H23-57-5で、乙の出願Bには発明イの発明者が甲だという記載があることは読み取れませんでした。甲は出願Aについて「上記の一切の事実関係を明らかにした」とあるので、後願出願時に発明者同一がわかれば後願は29条の2で拒絶されない、という認識であってますでしょうか。
まず、発明者は発明してから変わることはありません。
これ大切です。
ときどき、実務でも分割出願時に「発明者の甲さん、乙さんのうち、甲さんは、退職しているので、発明者から削除したい」という相談があったりします。しかし、これはできません。それは、発明者は変わらないからです。

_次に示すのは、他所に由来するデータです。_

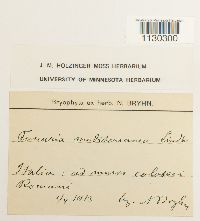 Funaria americana image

(なお、分割出願の明細書等から、甲さんが発明した内容を全て削除すれが可能です)
そのため、テキストを見たとしても、「判断基準時」の話はどこにも出ていません。
出願Aと、出願Bの発明者は、出願時も、査定時も変わらないはずだからです。
なお、この「発明者」というのは、「願書に記載された発明者」という意味ではありません。
しっかり発明をした発明者です。
例えば、出願Aの願書に発明者「甲」、出願Bの願書に発明者「乙」と書いてあっても、発明を「甲」がしたのであれば、発明者は同一となります。
なお、問題において、「特許庁が真の発明者が誰か解るのか!」ということは問われていませんので、条文の知識(発明者が同一であるかどうか)という点で回答すれば十分です。